§ **EXERCISE BRIEF**
Below are records. Find each line in them that holds the word "Used" and copy it.

§ **DATASET**
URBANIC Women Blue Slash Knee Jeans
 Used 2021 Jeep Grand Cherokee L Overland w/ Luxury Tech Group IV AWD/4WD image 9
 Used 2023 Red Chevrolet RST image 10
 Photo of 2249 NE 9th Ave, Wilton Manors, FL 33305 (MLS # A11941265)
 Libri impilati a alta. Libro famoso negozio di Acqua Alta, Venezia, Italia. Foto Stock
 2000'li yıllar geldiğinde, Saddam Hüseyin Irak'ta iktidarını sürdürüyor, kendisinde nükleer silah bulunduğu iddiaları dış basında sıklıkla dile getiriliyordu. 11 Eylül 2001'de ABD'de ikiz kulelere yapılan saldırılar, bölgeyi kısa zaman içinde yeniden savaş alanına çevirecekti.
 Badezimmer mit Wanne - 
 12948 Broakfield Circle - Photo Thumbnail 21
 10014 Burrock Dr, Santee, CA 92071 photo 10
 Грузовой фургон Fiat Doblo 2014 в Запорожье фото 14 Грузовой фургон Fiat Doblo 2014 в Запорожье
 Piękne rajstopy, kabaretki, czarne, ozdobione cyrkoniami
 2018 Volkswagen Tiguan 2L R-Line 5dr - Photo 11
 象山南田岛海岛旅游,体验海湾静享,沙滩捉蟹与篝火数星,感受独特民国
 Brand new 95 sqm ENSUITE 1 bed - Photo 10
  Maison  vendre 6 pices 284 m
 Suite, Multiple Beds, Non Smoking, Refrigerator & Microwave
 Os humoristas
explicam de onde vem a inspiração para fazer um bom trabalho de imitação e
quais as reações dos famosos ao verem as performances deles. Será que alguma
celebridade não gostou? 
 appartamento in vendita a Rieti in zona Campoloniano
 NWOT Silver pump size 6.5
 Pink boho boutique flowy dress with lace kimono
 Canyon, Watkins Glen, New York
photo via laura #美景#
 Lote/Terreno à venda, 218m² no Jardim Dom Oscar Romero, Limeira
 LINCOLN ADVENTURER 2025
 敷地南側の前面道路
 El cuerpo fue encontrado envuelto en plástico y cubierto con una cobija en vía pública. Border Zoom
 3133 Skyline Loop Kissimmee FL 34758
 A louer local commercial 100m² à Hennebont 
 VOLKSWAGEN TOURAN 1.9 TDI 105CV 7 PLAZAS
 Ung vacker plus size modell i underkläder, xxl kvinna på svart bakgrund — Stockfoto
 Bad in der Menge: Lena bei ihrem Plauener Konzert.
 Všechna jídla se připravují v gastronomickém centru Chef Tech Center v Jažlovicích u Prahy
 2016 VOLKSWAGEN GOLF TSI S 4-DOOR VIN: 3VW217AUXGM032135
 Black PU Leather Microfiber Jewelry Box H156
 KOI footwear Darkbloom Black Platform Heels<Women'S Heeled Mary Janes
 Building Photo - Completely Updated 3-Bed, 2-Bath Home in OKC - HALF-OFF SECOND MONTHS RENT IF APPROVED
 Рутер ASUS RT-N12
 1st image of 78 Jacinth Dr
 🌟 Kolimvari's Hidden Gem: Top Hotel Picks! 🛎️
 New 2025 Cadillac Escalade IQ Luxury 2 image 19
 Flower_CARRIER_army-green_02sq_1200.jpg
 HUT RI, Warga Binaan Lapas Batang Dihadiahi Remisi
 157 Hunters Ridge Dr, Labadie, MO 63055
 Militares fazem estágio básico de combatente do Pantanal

§ **RESPONSE**
 Used 2021 Jeep Grand Cherokee L Overland w/ Luxury Tech Group IV AWD/4WD image 9
 Used 2023 Red Chevrolet RST image 10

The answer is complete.